Note regarding comparability — The reported results do not include the results of operations of Abilene and its subsidiaries on and prior to its acquisition by the Company on March 16, 2018 in accordance with the accounting treatment applicable to the transaction.
Changes in Presentation
The Company's changes in presentation were attributed to impacts from adopting accounting pronouncements (refer to Note 2) and simplifying the presentation of the condensed consolidated statements of cash flows by reclassifying immaterial line items into other line items. Accordingly, the amounts presented in the Company's first quarter 2018 condensed consolidated statement of cash flows were reclassified to align with the presentation in this first quarter 2019 Quarterly Report as follows:
"Transportation Resource Partners impairment," "Income from investment in Transportation Resource Partners," "Reduction of allowance for doubtful accounts and notes receivable," "Stock-based compensation expense," and "Amortization of debt issuance costs, and other" were reclassified to "Other adjustments to reconcile net income to net cash provided by operating activities."
Changes in "Other current assets," "Prepaid expenses," and "Other long-term assets" were reclassified to "Other assets and liabilities."
"Proceeds from notes receivable," "Payments received on equipment sales receivables," "Return of Investment from Transportation Resource Partners," and "Cash proceeds from Transportation Resource Partners" were reclassified to "Other cash flows from investing activities."
"Share withholding for taxes due on equity awards" and "Cash distribution to noncontrolling interest holder" were reclassified to "Other cash flows from financing activities."

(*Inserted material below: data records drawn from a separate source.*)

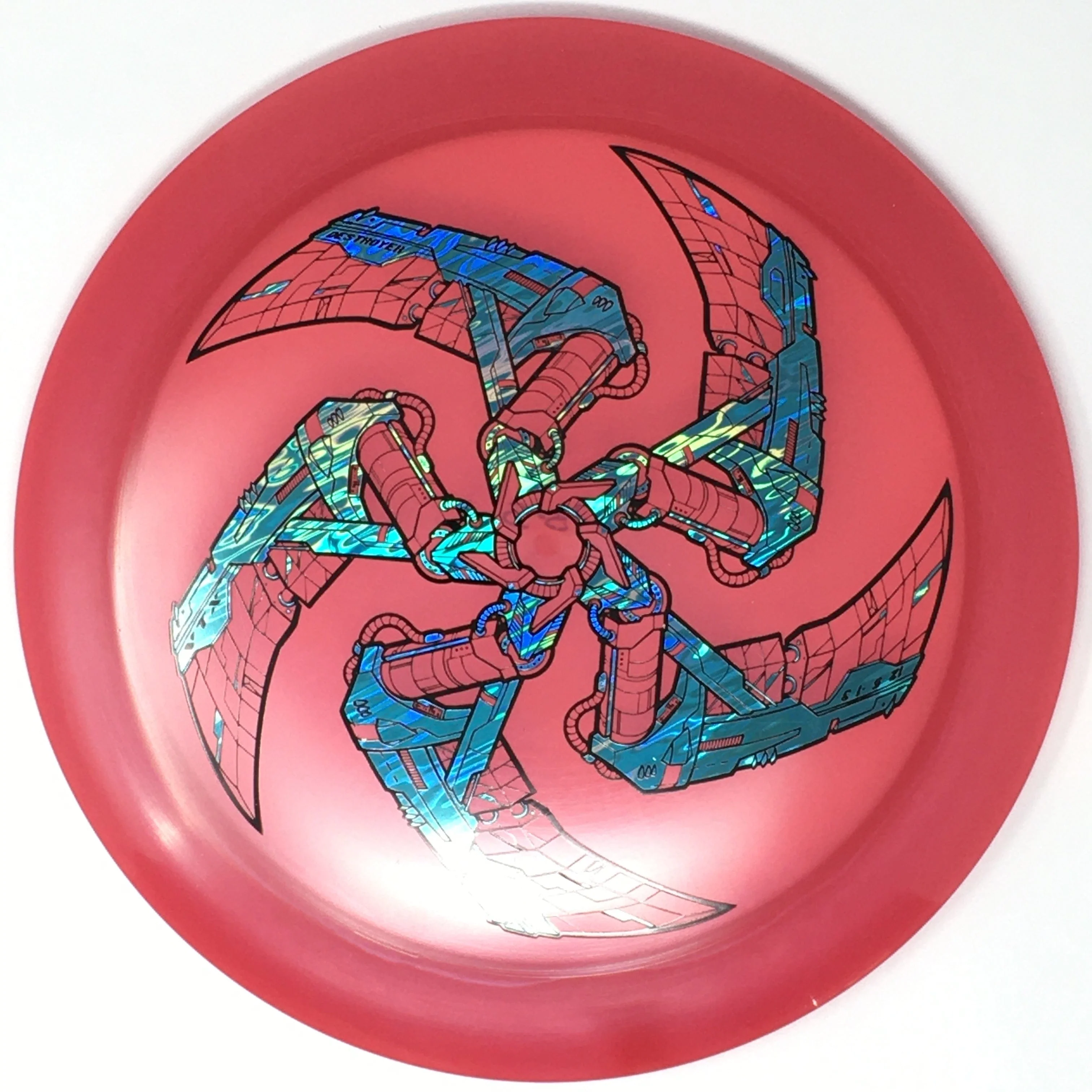 Destroyer (Champion - "VTX Mech") - Image 5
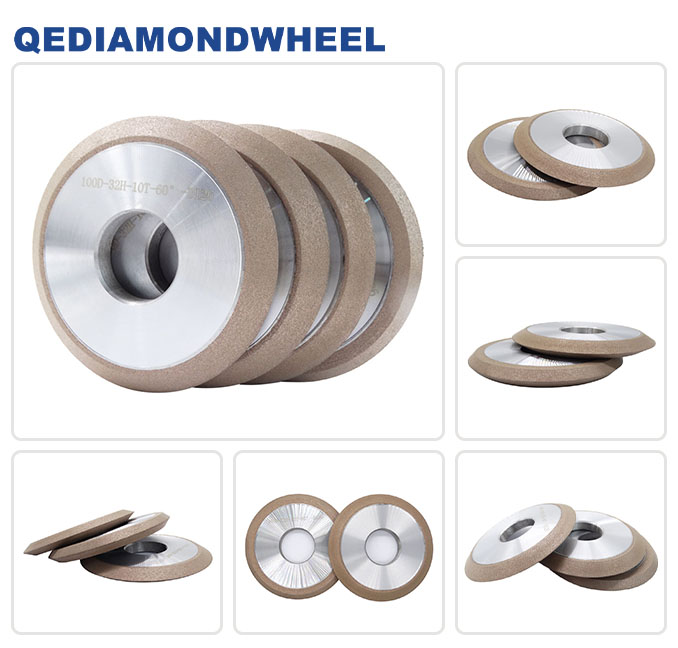 Metal Diamond Wheel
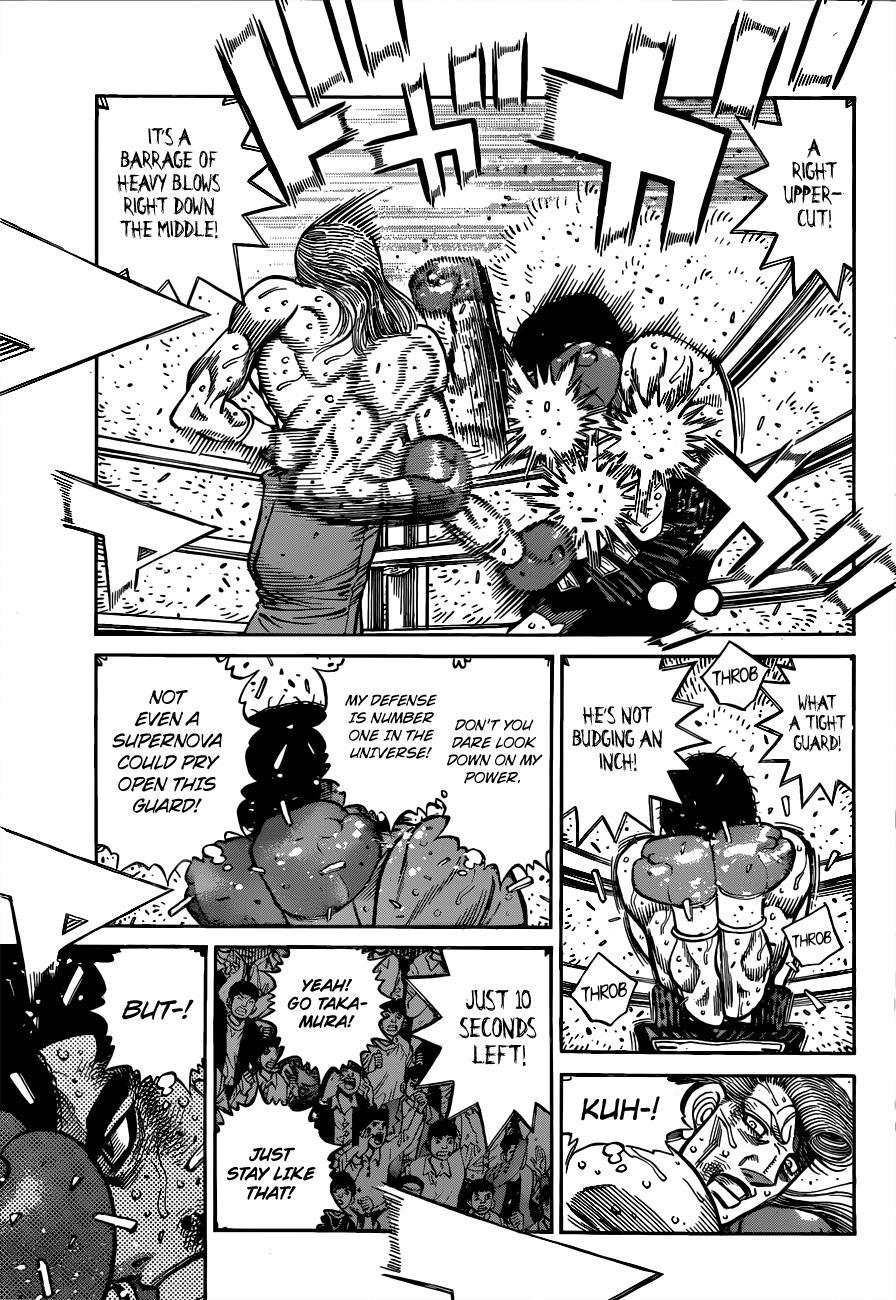 Hajime no Ippo - episode 1345 - 8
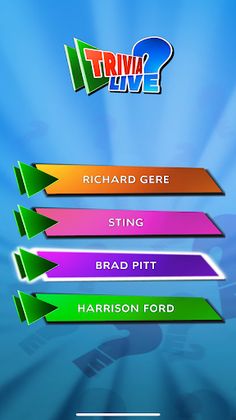 Trivia-Live - Screenshot 3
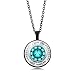 Produktbild Bosi General Merchandise Iron Man, Edelsteinkette, Pulloverkette, energiesammelndes Herz, Anhängerschmuck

"Repayments on Knight Revolver, net" and "Repayments on Revolver, net" were reclassified to "Borrowings on revolving lines of credit, net."
Seasonality
In the transportation industry, results of operations generally follow a seasonal pattern. Freight volumes in the first quarter are typically lower due to less consumer demand, customers reducing shipments following the holiday season, and inclement weather. At the same time, operating expenses generally increase, and tractor productivity of the Company's fleet, independent contractors, and third-party carriers decreases during the winter months due to decreased fuel efficiency, increased cold weather-related equipment maintenance and repairs, and increased insurance claims and costs attributed to higher accident frequency from harsh weather. These factors typically lead to lower operating profitability, as compared to other parts of the year. Additionally, beginning in the latter half of the third quarter and continuing into the fourth quarter, the Company typically experiences surges pertaining to holiday shopping trends toward delivery of gifts purchased over the Internet, as well as the length of the holiday season (consumer shopping days between Thanksgiving and Christmas).